Les surnoms les plus drôles et évocateurs des ravitaillements, ces pauses qui marquent autant que les kilomètres sur un marathon. © ASO

Le buffet du 30e, la station essence et la pause goûter : les surnoms (très parlants) des ravitaillements

17/07/2025 22:54

Au début, on y passe en coup de vent. Un gobelet à la volée, une bouchée d’orange, et hop, on repart. Mais plus les kilomètres s’enchaînent, plus les ravitaillements deviennent des haltes sacrées, presque mystiques. Lieux de survie ou d’abandon, d’humanité brute ou de stratégie chronométrée, ils racontent une autre facette de la course. Et parce qu’un simple « ravito » ne suffit pas à dire tout ce qu’il s’y joue, les coureurs leur donnent des surnoms. Drôles, tendres, parfois cruels, ils disent tout du rapport intime qu’on entretient avec ces tables bancales pleines de sucre, de sueur et de décisions absurdes. Petit tour d’horizon de ces points de non-retour, rebaptisés avec l’humour des jambes au bout du rouleau.


| Le ravitaillement, ce théâtre à ciel ouvert

Sur le papier, un ravitaillement ne fait pas rêver.
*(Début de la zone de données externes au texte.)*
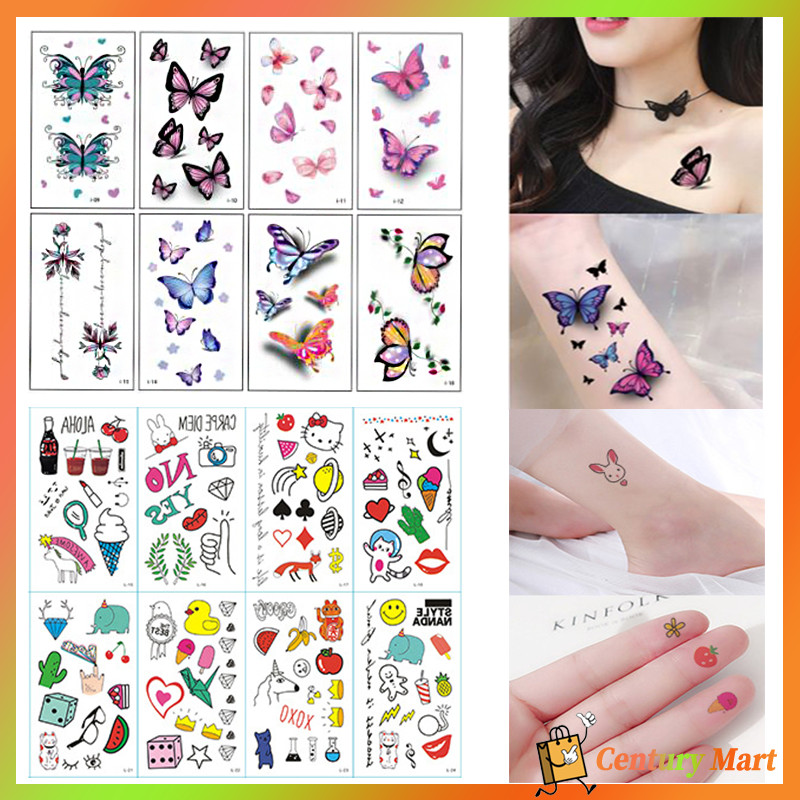 30pcs Temporary Tattoo Sticker /tato temporary sementara waterproof/tattoo temporer sticker anime st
Une table pliante, quelques verres d’eau, des fruits coupés approximativement, et une poignée de bénévoles emmitouflés à côté de caisses en plastique. Rien de glamour. Rien de glorieux. Et pourtant, ces points de passage sont devenus les vrais marqueurs émotionnels des longues courses. Des lieux de bascule où tout peut s’effondrer… ou redémarrer.

C’est là, entre deux bouchées de pain d’épices et trois gorgées de coca, que naissent les récits. Qu’on craque, qu’on renonce ou qu’on se redresse. Pas étonnant alors qu’on les surnomme, qu’on les personnifie, qu’on en parle comme de vieux copains ou d’ennemis jurés. Car un ravito, ce n’est jamais juste un ravito. C’est un moment. Et souvent un surnom.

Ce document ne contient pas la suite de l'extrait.